I’m trying to do the exact same thing mentioned in the documentation:

from datasets import Dataset

audio_dataset_amr = Dataset.from_dict({"audio": ["audio_samples/audio.amr"]})

def decode_audio_with_pydub(batch):
    return batch

audio_dataset_amr.set_transform(decode_audio_with_pydub)
audio_dataset_amr.save_to_disk(f"./transformed_dataset")

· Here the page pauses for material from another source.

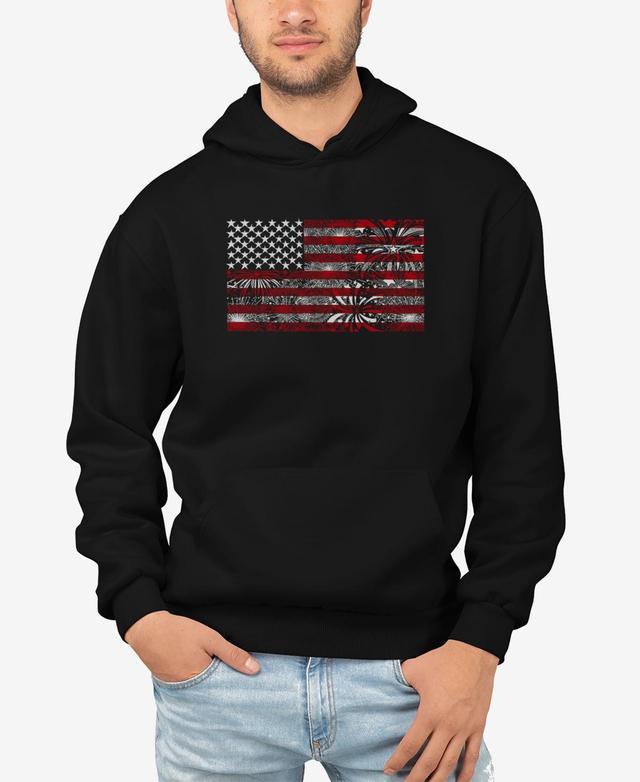 La Pop Art Mens Word Art Hooded American Flag Fireworks Sweatshirt Product Image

But it fails with the following error:

Exception has occurred: TypeError
Object of type function is not JSON serializable
The format kwargs must be JSON serializable, but key 'transform' isn't.
TypeError: Object of type function is not JSON serializable

During handling of the above exception, another exception occurred:

  File "/home/mehran/tmp/locale_classifier/transform_dataset_test.py", line 59, in <module>
    audio_dataset_amr.save_to_disk(f"./transformed_dataset")
TypeError: Object of type function is not JSON serializable
The format kwargs must be JSON serializable, but key 'transform' isn't.

Is this a bug or am I doing something wrong?

BTW, if I comment out the set_transform, everything works just fine.

For this to work, we would have to pickle a custom transform, which means the transform and the objects it references need to be serializable. Also, deserializing these bytes would make load_from_disk unsafe, so I’m not sure this is a good idea.

EDIT:

I’ve opened a GH issue here to further discuss this matter.